|Photograph by Sebastian Kim of GQ|
Have you seen the recent GQ article featuring Stephen Colbert? We had two readers send it our way, and for good reason, too.
It shows a side of Colbert most people probably don’t know exists. It speaks of deep joy being born out of incredible suffering and grief. It is a must read. I’ll share a few of my favorite parts below, but it’s worth seeing the whole thing to get additional context (the deep stuff starts in the last 1/3 of the article).
The author of the GQ article, Joel Lovell, notes the following about Colbert:
He used to have a note taped to his computer that read, “Joy is the most infallible sign of the existence of God.”
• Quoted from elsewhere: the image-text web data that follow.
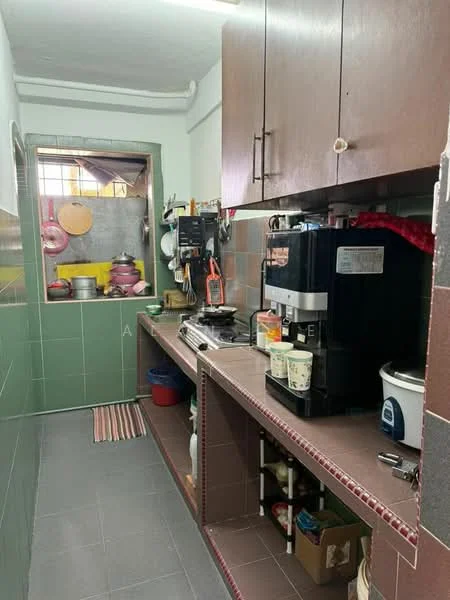 Kitchen features: green tiled walls, brown wooden cabinetry, countertop with storage underneath, stainless-steel coffee machine, rice cooker, various pots and pans, red and white striped kitchen mat, grey tiled flooring, window with metal grill, shelves with kitchen items.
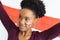 Image of happy african american woman with flags of england on face over flag of england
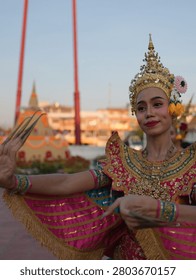 A Thai dancer performs graceful movements in an ornate pink costume near the Giant Swing.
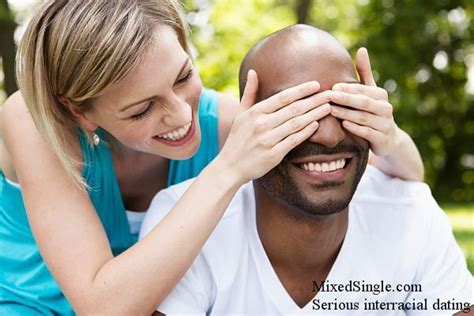 a man and woman are smiling while holding each other s hands over their eyes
It’s hard to imagine any comedian meditating every day on so sincere a message. It’s even harder when you know his life story, which bears mentioning here—that he is the youngest of eleven kids and that his father and two of his brothers, Peter and Paul, the two closest to him in age, were killed in a plane crash when he was 10. His elder siblings were all off to school or on with their lives by then, and so it was just him and his mother at home together for years.
Naturally Colbert says the difficulty of that tragedy shaped him for years, but not always in the most positive way. He went into theatre in college and found himself drawn to works that allowed him to share his pain with everyone through the art.
But then he learned about improv comedy, he was given a sage bit of advice on the first night onstage that would change his perspective: “You have to learn to love the bomb.”
Colbert had this to add about the phrase that would so deeply impact his life:
“It took me a long time to really understand what that meant,” Colbert said. “It wasn’t ‘Don’t worry, you’ll get it next time.’ It wasn’t ‘Laugh it off.’ No, it means what it says. You gotta learn to love when you’re failing.…The embracing of that, the discomfort of failing in front of an audience, leads you to penetrate through the fear that blinds you. Fear is the mind killer.”
He talks about how he then started to train himself to LOVE discomfort, embarrassing himself with regularity so that afterward he could say, “Nope, can’t kill me. This thing can’t kill me.” This began to build in him a greater resilience to life, and a feeling of deep gratitude for those most difficult moments life thrusts upon us all.
When asked how it is that he did not become bitter or angry about the profound loss he experienced early in life, Colbert said:
“[T]he answer is: my mother.”
He lifted his arms as if to take in the office, the people working and laughing outside his door, the city and the sky, all of it. “And the world,” he said. “It’s so…lovely. I’m very grateful to be alive, even though I know a lot of dead people.” The urge to be grateful, he said, is not a function of his faith. It’s not “the Gospel tells us” and therefore we give thanks. It is what he has always felt: grateful to be alive. “And so that act, that impulse to be grateful, wants an object. That object I call God. Now, that could be many things. I was raised in a Catholic tradition. I’ll start there. That’s my context for my existence, is that I am here to know God, love God, serve God, that we might be happy with each other in this world and with Him in the next—the catechism. That makes a lot of sense to me. I got that from my mom. And my dad. And my siblings.”
“[B]y her example am I not bitter. By her example. She was not. Broken, yes. Bitter, no.” …. He has said this before—that even in those days of unremitting grief, she drew on her faith that the only way to not be swallowed by sorrow, to in fact recognize that our sorrow is inseparable from our joy, is to always understand our suffering, ourselves, in the light of eternity.
Colbert then shares one of my favorite insights:
“It was a very healthy reciprocal acceptance of suffering,” he said. “Which does not mean being defeated by suffering. Acceptance is not defeat. Acceptance is just awareness.” He smiled in anticipation of the callback: “ ‘You gotta learn to love the bomb,’ ” he said. “Boy, did I have a bomb when I was 10. That was quite an explosion. And I learned to love it. So that’s why. Maybe, I don’t know. That might be why you don’t see me as someone angry and working out my demons onstage. It’s that I love the thing that I most wish had not happened.”
That to me is pure beauty. Loving the thing that I most wish had not happened! I’ve felt this way about my divorce, I’ve felt this way about infertility (see this post I wrote the day we found out our IVF didn’t work). Sometimes when describing it to others, people don’t always understand. I know there are people that I’ve offended when I’ve said “I wouldn’t change any of it, because it is the place I learned to live more meaningfully, more gratefully.” But for me that is where, and when, and how some of the most important growth and healing happens in our life. That kind of acceptance. That kind of love. That kind of gratitude. Like I said, it is pure beauty.
The article closes with one more piece of sage wisdom that sums it all up:
It’s our choice, whether to hate something in our lives or to love every moment of them, even the parts that bring us pain. “At every moment, we are volunteers.”
It is our choice. That is both the most troubling thing we’ll ever learn, and perhaps the most empowering as well. My hope is that this blog helps you see the latter, and not be overwhelmed by the emotion of the former.
Question: If you had to “Learn to love the bomb”, what would that look like for you?